Directions for this task – From the entries below, output the line with "Engineers shaking hands" and each following line up to and including the line with "a large black truck parked in a garage", exactly as written.

Data for analysis –
#####

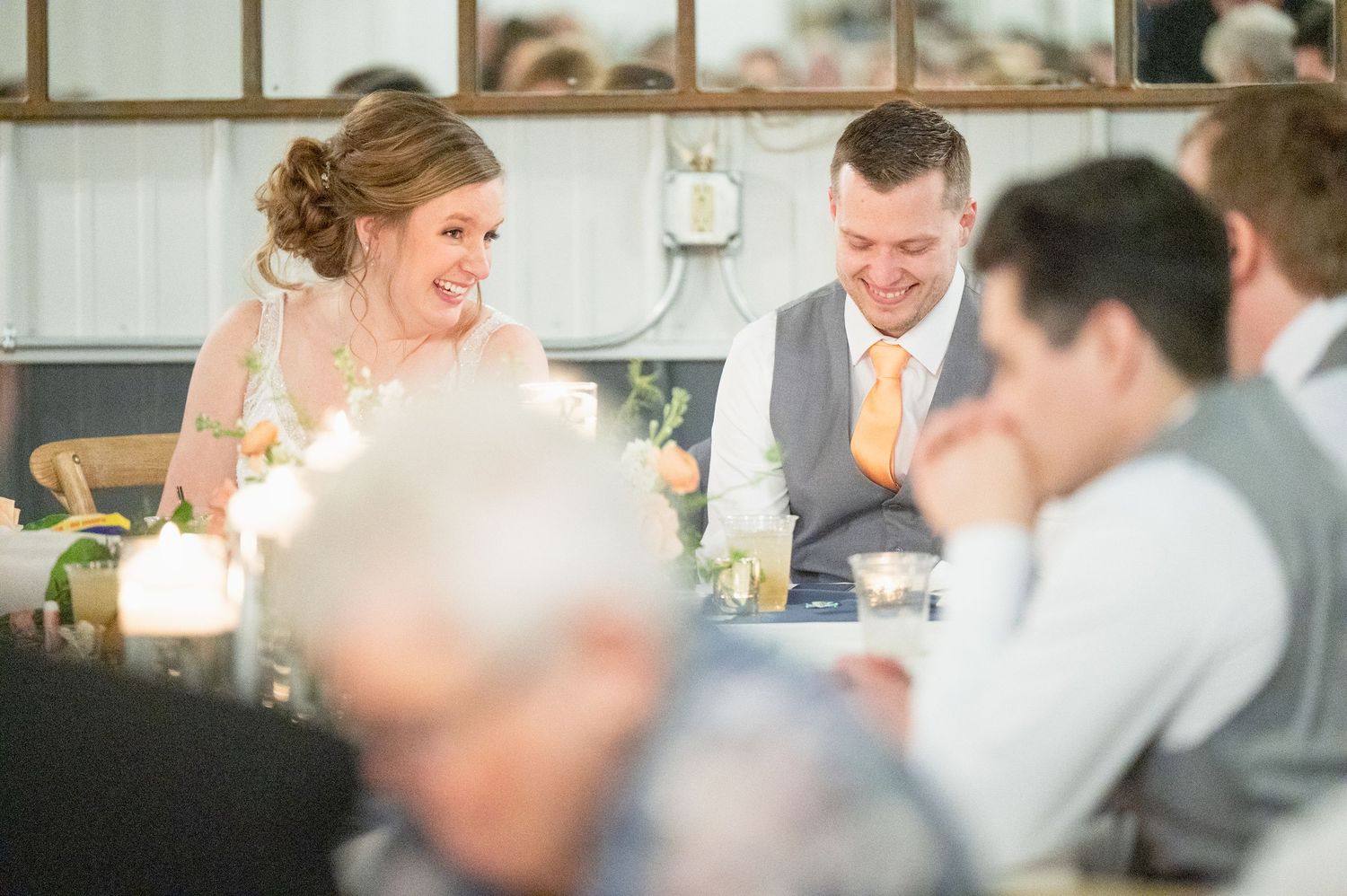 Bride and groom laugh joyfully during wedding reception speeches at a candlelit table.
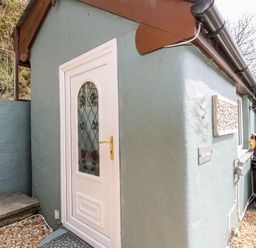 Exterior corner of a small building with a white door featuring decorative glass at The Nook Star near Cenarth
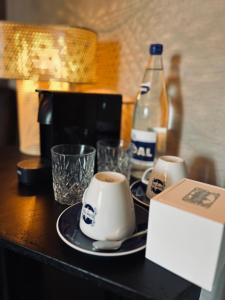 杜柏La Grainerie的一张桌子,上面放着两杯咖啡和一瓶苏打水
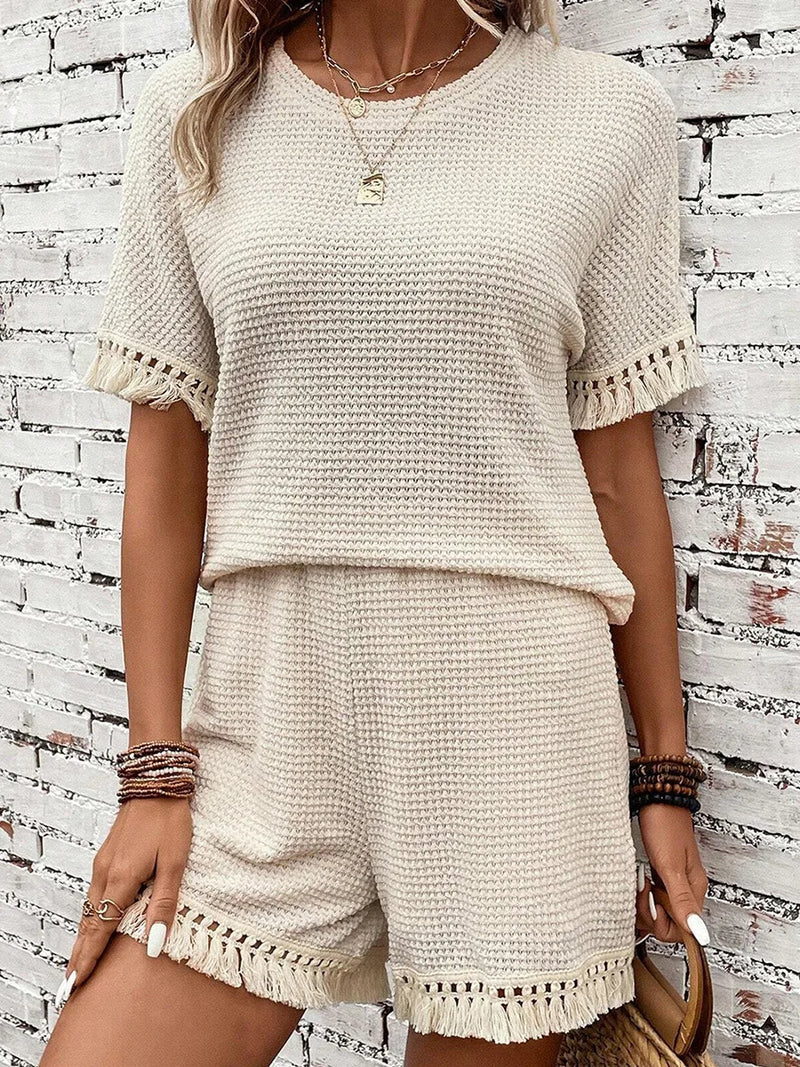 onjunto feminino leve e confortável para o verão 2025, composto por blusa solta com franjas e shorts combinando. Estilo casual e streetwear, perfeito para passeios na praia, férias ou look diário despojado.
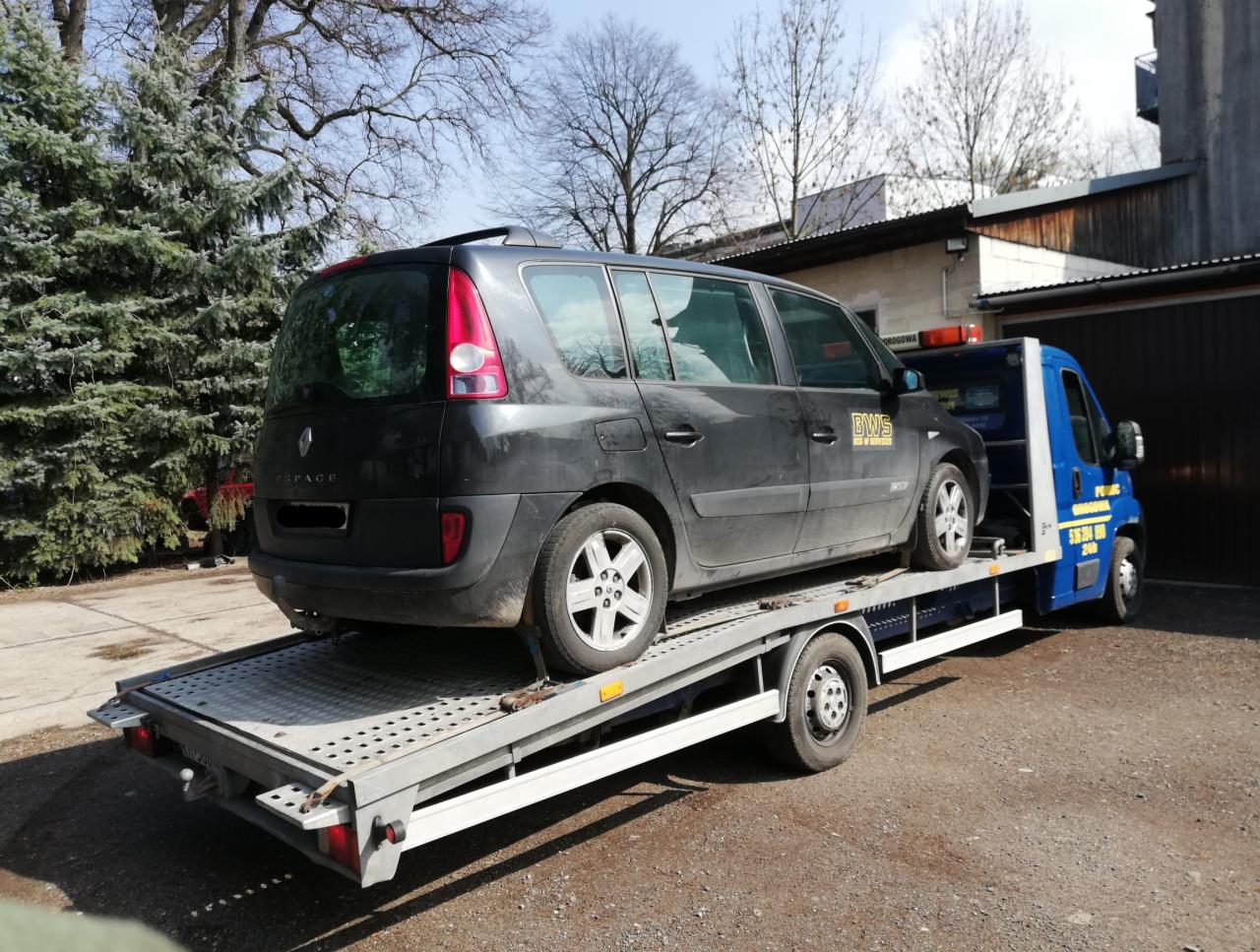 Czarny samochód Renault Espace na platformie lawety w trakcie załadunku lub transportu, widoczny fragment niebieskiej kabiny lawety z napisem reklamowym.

#####

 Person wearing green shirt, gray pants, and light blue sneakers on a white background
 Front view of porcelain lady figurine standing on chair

#####

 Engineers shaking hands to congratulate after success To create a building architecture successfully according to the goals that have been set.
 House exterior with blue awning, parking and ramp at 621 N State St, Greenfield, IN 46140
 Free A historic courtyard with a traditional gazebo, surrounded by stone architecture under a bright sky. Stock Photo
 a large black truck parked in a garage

#####

Answer box –
 Engineers shaking hands to congratulate after success To create a building architecture successfully according to the goals that have been set.
 House exterior with blue awning, parking and ramp at 621 N State St, Greenfield, IN 46140
 Free A historic courtyard with a traditional gazebo, surrounded by stone architecture under a bright sky. Stock Photo
 a large black truck parked in a garage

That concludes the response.